The Museum Teacher Fellowship Program seeks to train leaders in the field of Holocaust education. The fellows are a national corps of skilled educators who assist the Museum’s efforts to promote quality Holocaust education that is rooted in accurate history and responsible pedagogy.
The Museum’s teacher training programs ensure that learning how and why the Holocaust happened is an important component of education in America and strengthens students' critical thinking about their roles in society.
About the Program
Established in 1996, the Museum Teacher Fellowship Program has developed a national corps of skilled educators to help lead the Museum’s efforts to ensure quality Holocaust education in secondary schools.

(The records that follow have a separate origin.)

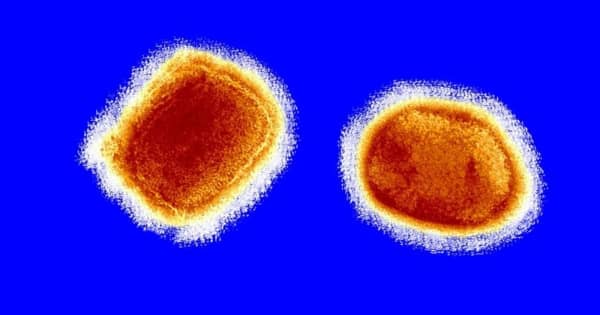 「サル痘」の感染報告、欧米などで相次ぐ　保健当局が調査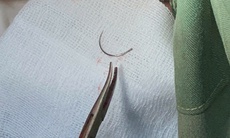 Kim khâu 'mắc kẹt' 11 năm ở tầng sinh môn của bệnh nhân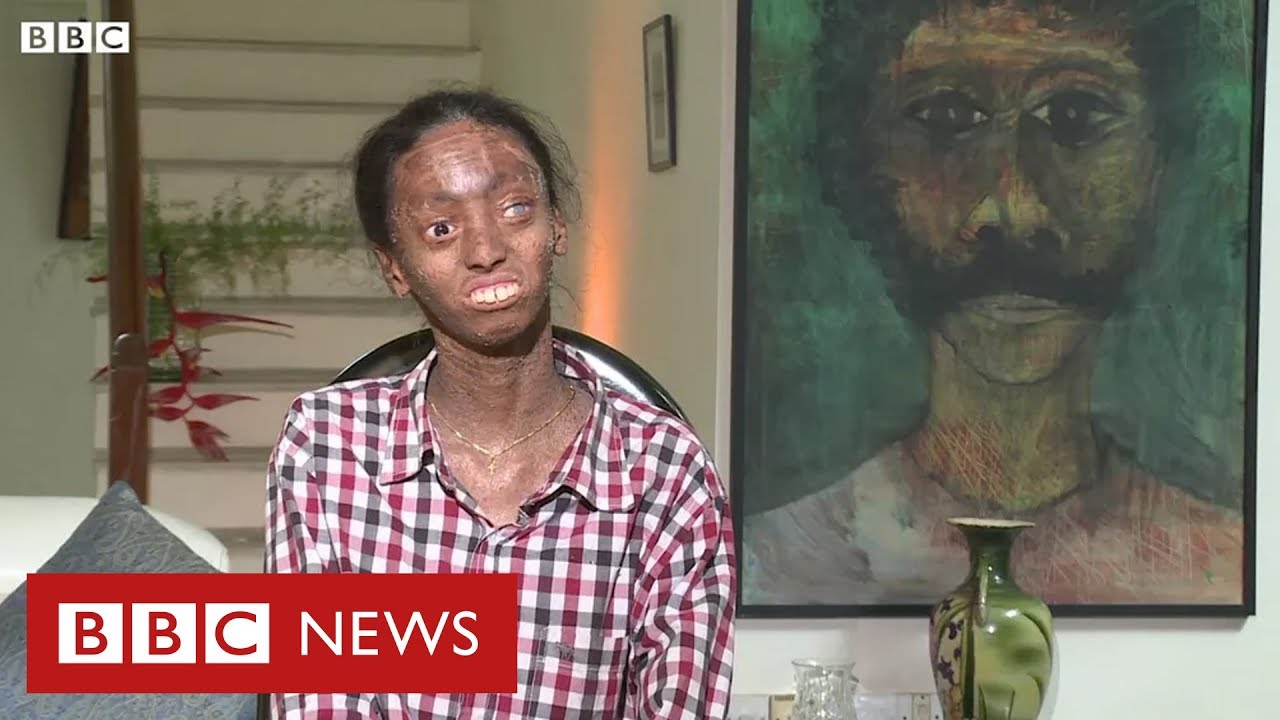 'Minha pele é muito justa para meu corpo': a vida de uma jovem indiana com doença rara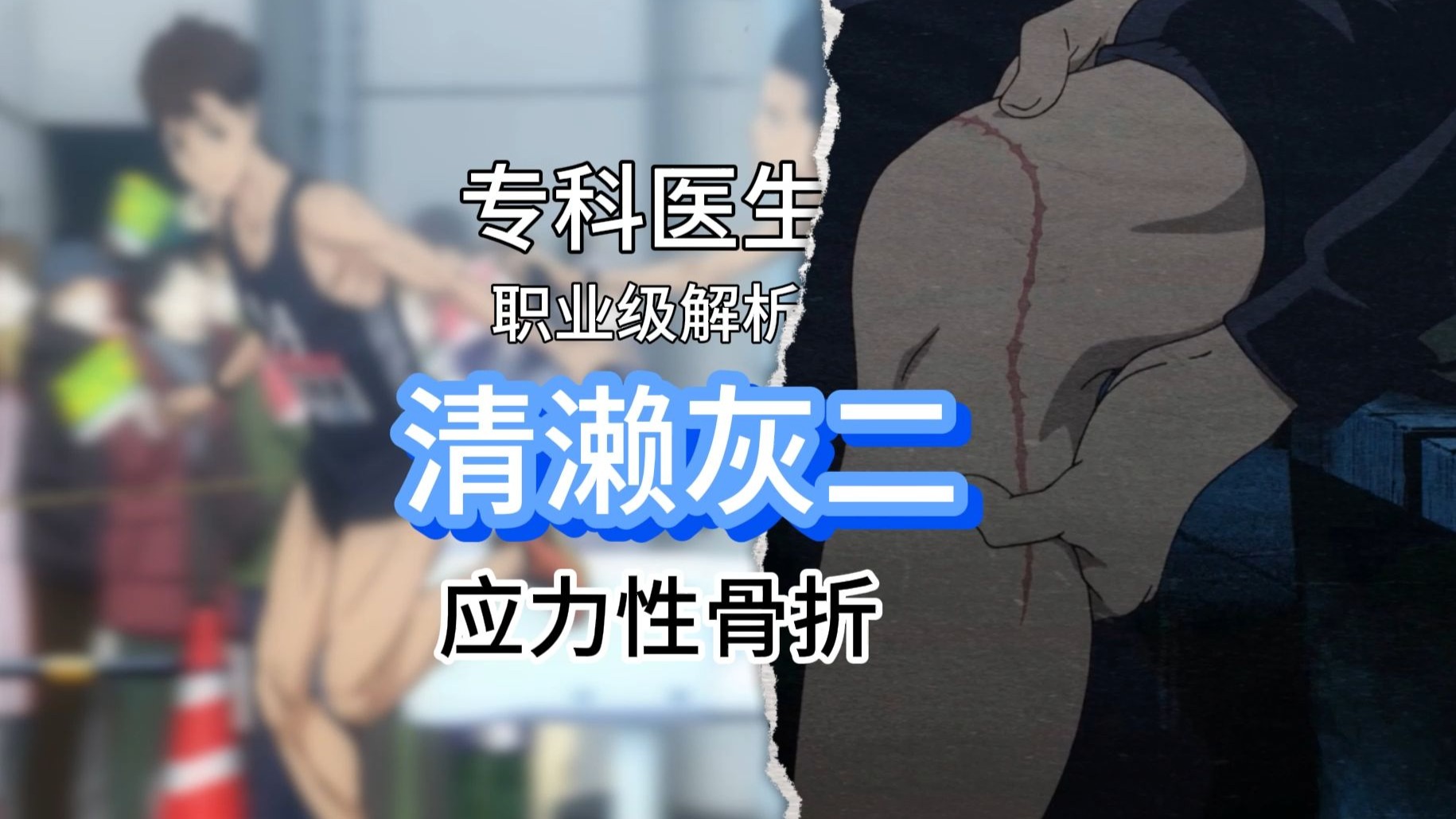 【狗子剧医】阻止灰二强风吹拂的除了骨折，居然还有这种罕见病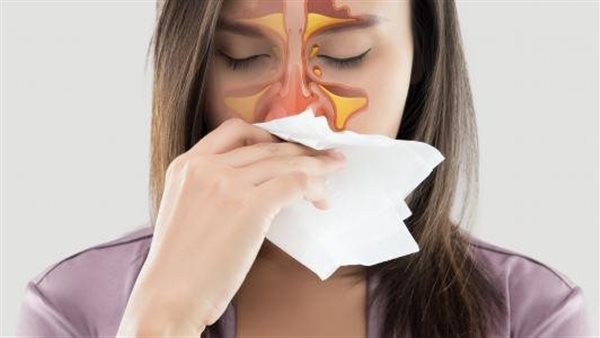 أعراض حساسية الأنف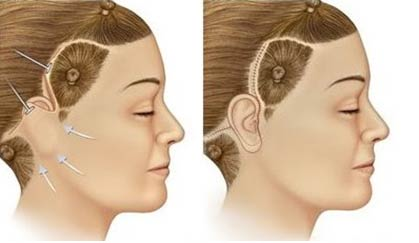Posição no lifting de face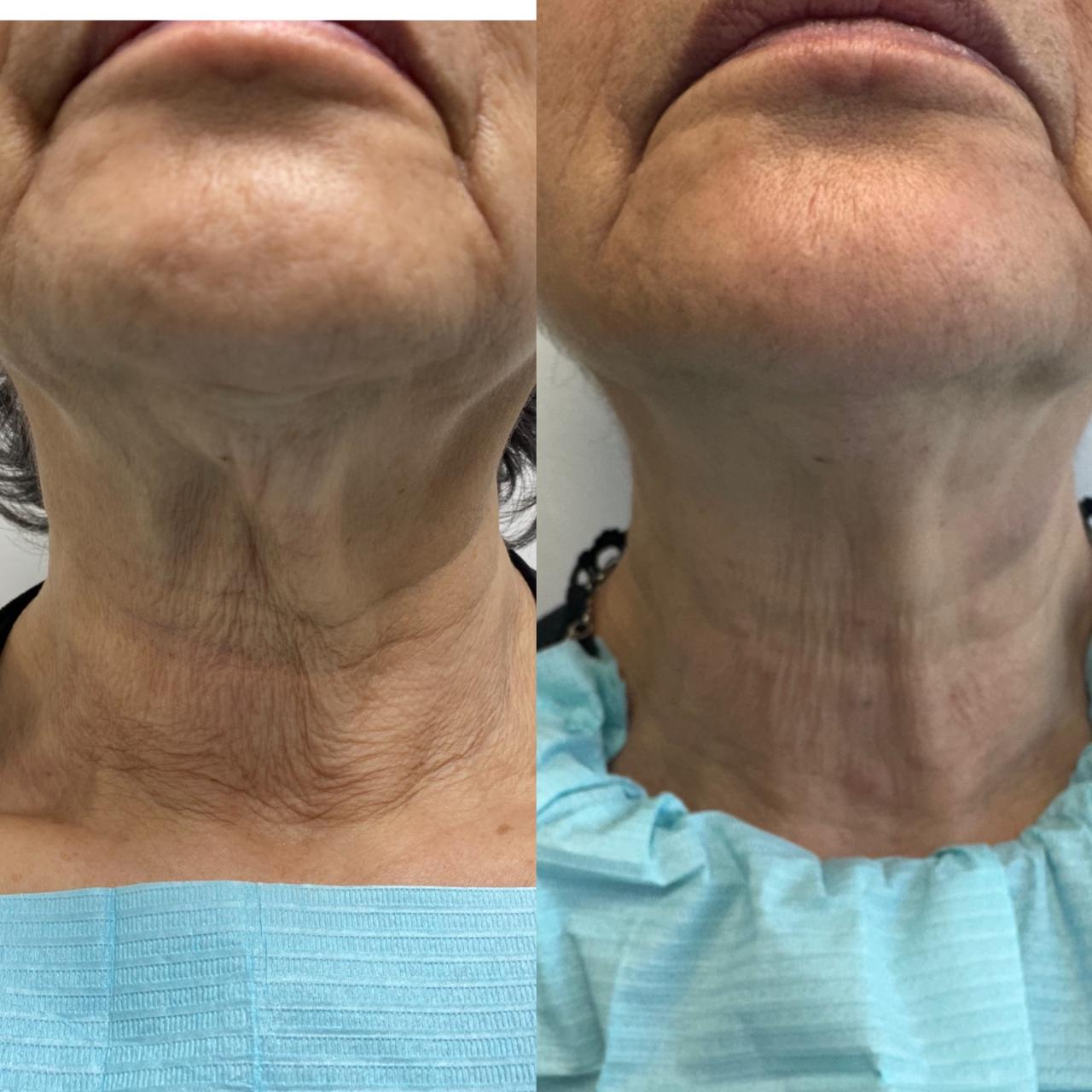 WhatsApp Image 2025-02-07 at 4.45.40 PM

To date, over 430 teachers have become a part of the corps, working to serve as conduits to the Museum for educators, institutions, professional organizations, and community groups in their regions and assisting the Museum in educational outreach and resource creation.
Each year, the Museum selects up to 15 educators—from grades 7 through community college—as new Museum Teacher Fellows. These educators must show evidence of knowledge of Holocaust history, successful teaching experience, and participation in community and professional organizations. Attending the Arthur and Rochelle Belfer National Conference for Educators, the Museum's foundational teacher education program, is a prerequisite for the Fellowship application.
Fellows participate in the Pines, Sarna, Statfeld Summer Institute for the Museum Teacher Fellowship Program held at the Museum in Washington, DC. This five-day institute is designed to immerse Fellows in advanced historical and pedagogical issues. Travel, hotel, and meals are provided at no cost to participants. Following the institute, they are expected to organize and implement a professional development event for educators in their schools, communities, or professional organizations that introduces USHMM resources to their community. In July of the following year, they attend a follow-up program at the Museum to share their efforts and to continue their study of the Holocaust with Museum staff and noted speakers.
The Museum welcomes applications from middle, high school, and community college teachers of history, social studies, foreign languages, English, journalism, and other related disciplines. Applicants must teach in the United States and have a minimum of five years of experience teaching about the Holocaust. Additionally, applicants must have attended the Arthur and Rochelle Belfer National Conference for Educators.